Have you ever had a moment in life where your perspective shifted dramatically and all of the sudden you can see things clearly that have seemed hazy all of your life?
Sometimes when I am driving home from dropping the kids at school, I take a particular little side road because it's scenery gives me joy. The other day I realized that I have only ever driven this particular path one way. I have never seen it from the perspective of the other direction. So this morning when I came to the end of it, I turned around and drove back the other way. I was enthralled by how much more complete the picture of that area became because of things I had never noticed driving the road just one way.
Perspective is important. It's why it's always dangerous to do life alone. We simply can't look at life from all the angles on our own. We are only one person, standing in one spot. We need to hear and understand what life looks like from other's point of view. Sometimes a simple shift in perspective can change the scenery entirely.
This happened to me yesterday and quite randomly. I was watching something on YouTube and a video came up on my home screen that caught my attention. Joanna Gaines had chosen the theme of "wholeness" for one of her recent issues of Magnolia magazine. Since I feel like God has me in a season of pursuing and understanding wholeness, I was immediately interested. In the video, Joanna was explaining her perspective of this concept of "wholeness". She started by offering the point that each of our stories as humans include ups and downs, joys and sorrows, seasons of peace and seasons of pain, but "wholeness" means embracing all of it...the whole thing. I had never considered wholeness from that angle.
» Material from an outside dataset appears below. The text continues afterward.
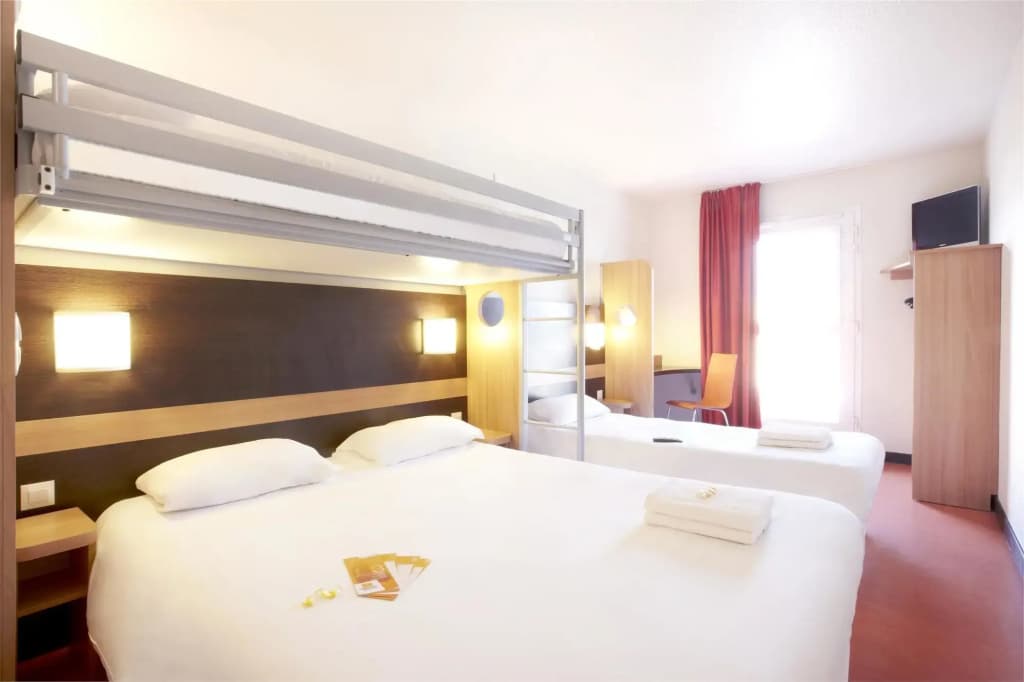 Premiere Classe Geneve - Aeroport - Prevessin - Miniature 7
As a matter of fact, I had been confusing perfection and wholeness for a long time. In attempting to heal from the hard parts of my story, I was filtering them out and hoping to dispose of them. Much of my processing journey was wrought with "If I could just go back and change this...or change that..." and "If I could just have chosen this...or stopped doing that...". Instead through this video, I felt the Holy Spirit encouraging me to embrace the hard parts as part of the incredible picture God is creating through my existence. Joanna Gaines gave a perfect example of this when she held up a plate made of broken pottery that had been put back together using gold to fill the cracks. It had been broken and seemingly ruined, but now it was not only whole, but more beautiful than it had ever been before.
God drove this point home with me this morning as I was in my routine Scripture study. Paul is speaking in I Corin 10 about the example that is left for us of the Israelites mistakes in the wilderness. Verse nine jumped off the page and into my lap.
"Let us not tempt Christ as some of them did and were destroyed by snakes."
Before I knew that this random verse had anything to do with what I am writing here, I was just curious about how the Israelites "tempted Christ". This took me back to Numbers 21 where the Bible says that the Israelites became impatient with life in the wilderness and spoke against God. They developed these attitudes of "Why does life have to be like this? Why did you even rescue us if you were just going torture us like this? We hate your measly provision.". Of course, I am paraphrasing, but this is what they did to tempt Christ.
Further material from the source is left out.